Building a Prusa i3 printer - Final assembly bits

Last few steps of assembly:

Once you have completed calibration, you'll need to put the hotend on.

Get the hotend and the groovemount.  If you're using the recommended JHead and their groovemount, it's a tight fit.  You'll want to decide how you want the hotend to be oriented before putting the two together.  If you have a resistor for heat, having the big heater hole aligned front to back and on the left side works best for me.  If you have a ceramic heater cartridge, I'd have the hole running left/right, I think it's cool looking so I put it on the front.  Whatever you like.

I use a pair of slipjoint pliers and press fit the hotend into the groovemount plate.  I personally have the open end of the plate facing forward but I don't think it matters.
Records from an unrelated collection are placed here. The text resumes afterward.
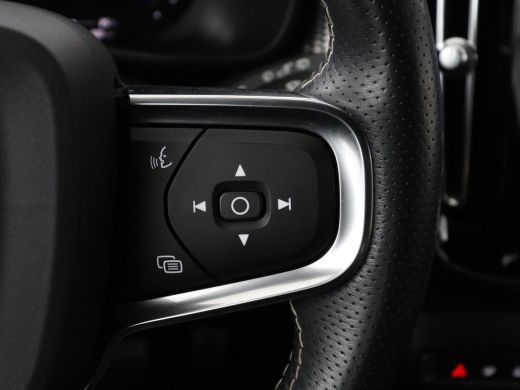 Volvo  XC40 | SOH 97.1% | Trekhaak | Panoramadak | Leder/alcantara | Stuur/stoel verwarming | Park assit | Ca... ActivLease financial lease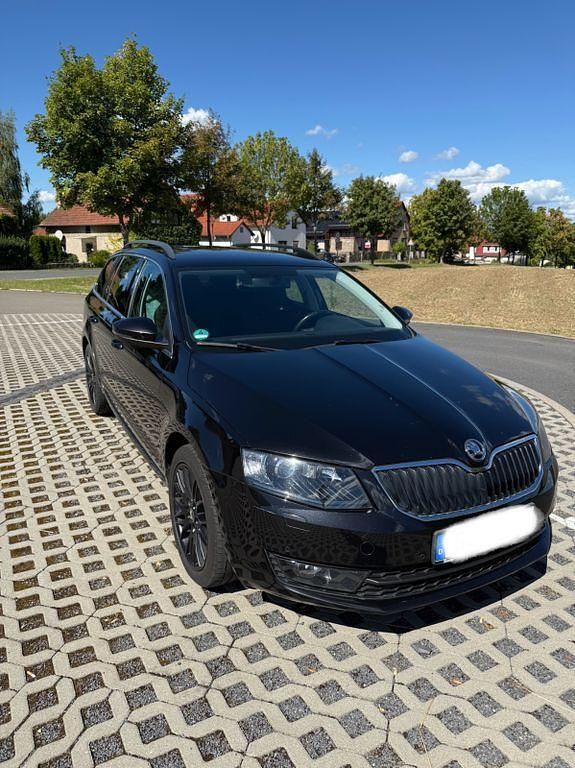 Schwarz Gebraucht 2016 Skoda Octavia Style Kombi | 9.200 € (Guter Preis) - Bild 1/4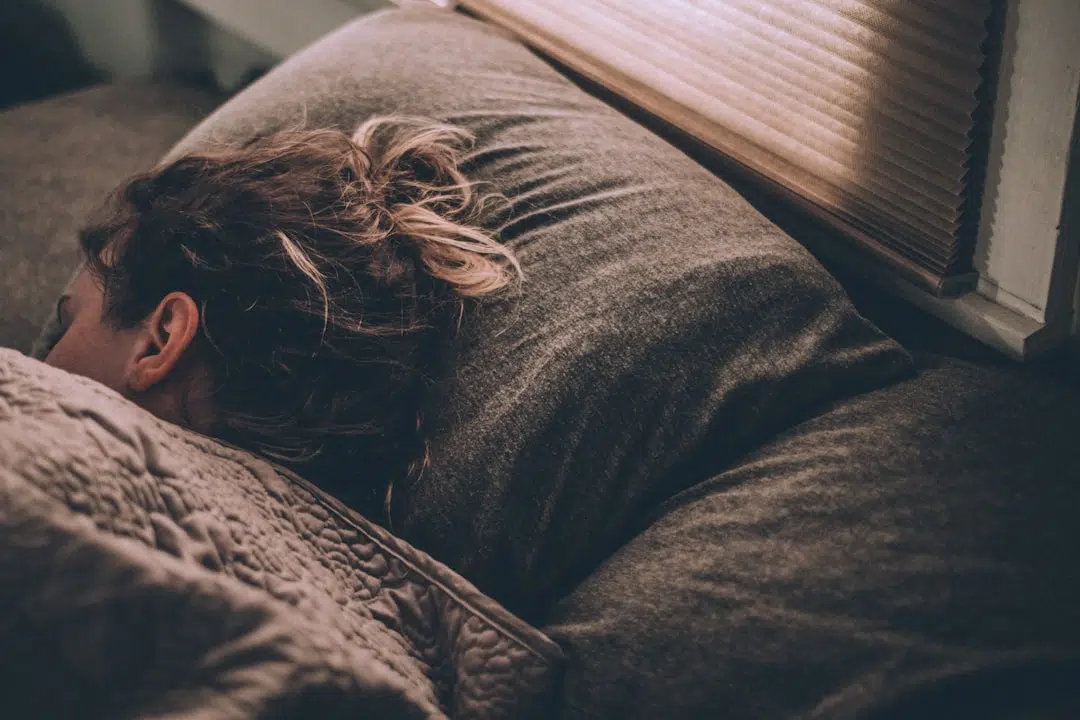 Personne qui récupère son sommeil un matin de week-end
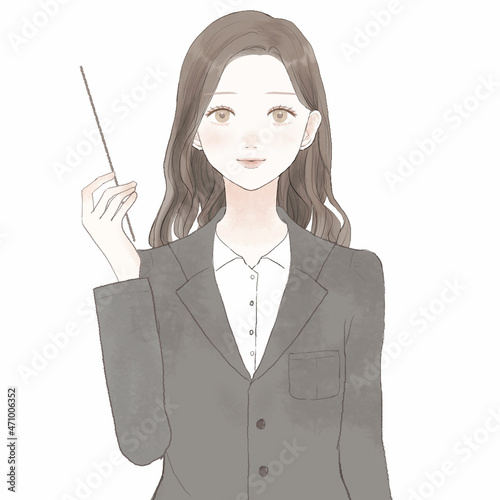 指示棒を持ちながら説明しているスーツを着た女性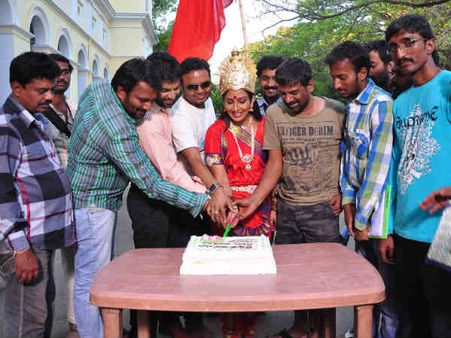 'ಕ್ವಾಟ್ಲೆ ಸತೀಶ'ನಿಂದ ಕನ್ನಡ ಚಿತ್ರರಂಗದ ಬರ್ತ್ ಡೇ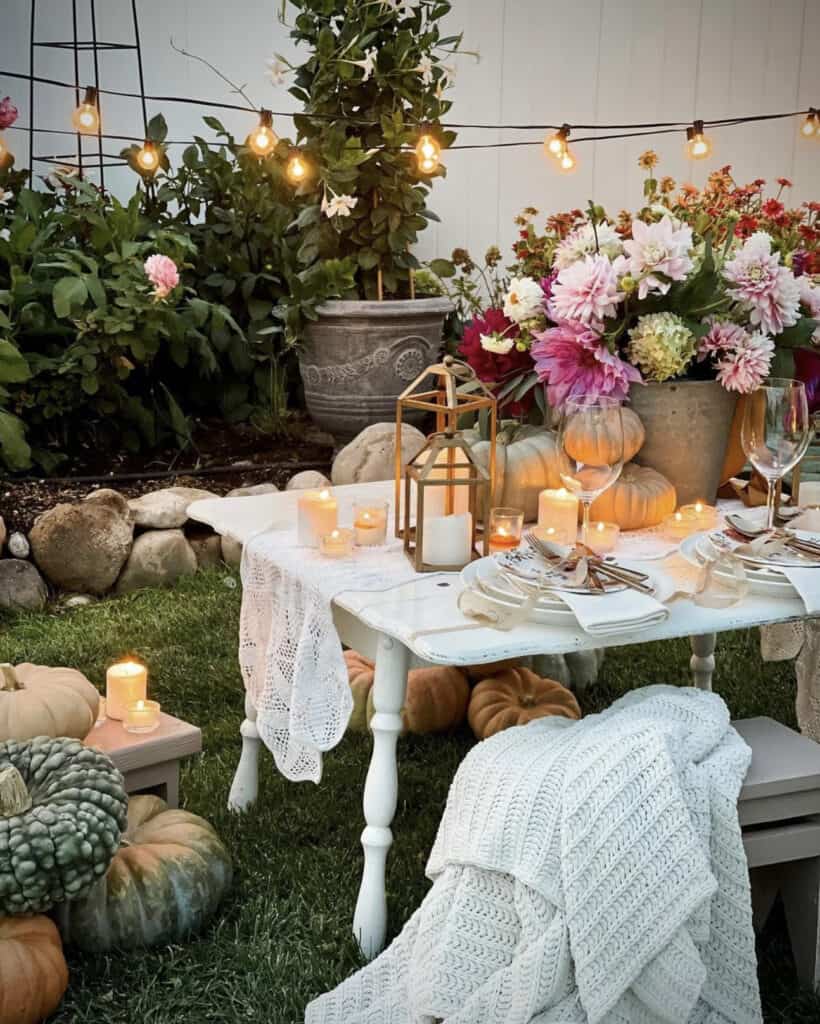 22 Stunning Fall Tablescape Decor Ideas To Wow Your Guests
Once you get that in place, install into the bottom of the extruder.  The hotend is a very tight fit - if it wobbles the print quality would be very bad.  But it should be possible to hand press it in.  Secure the left side with a 6-32 x 1" screw and a nut.  On the right, secure it with the same, but install the fan mount, assembled with another screw in the hinge and two more holding the fan to it.  The fan should blow towards the hotend.

Neatness counts
For now, just make sure the wires aren't going to get caught in a belt or something.  You're going to want to get started doing your first print.  I really wouldn't try to finish up the build until after you print something.  Do a few small prints first, get to know the machine.  Then do a few more things:
  • Bundle all the wires together sensibly.  Use a bunch of zip ties, don't be shy.  
  • Screw down some of the provided anchor points at sensible places and tie the wire bundles to them.  Make sure to secure them out of the path of any moving parts so they don't snag. 
  • Make sure that all wires going to moving parts have plenty of slack to move to their extreme positions, and that they don't have the possibility of flopping over/under/behind something during operations and getting caught.
  • Use some wire bundling wrap and make things look nice.  You want to be proud of this thing.

I've probably spent as much time fiddling with where the wires go as building printers in the first place. There's no right answer.  You can look at the image gallery for ideas, but do what works best for you.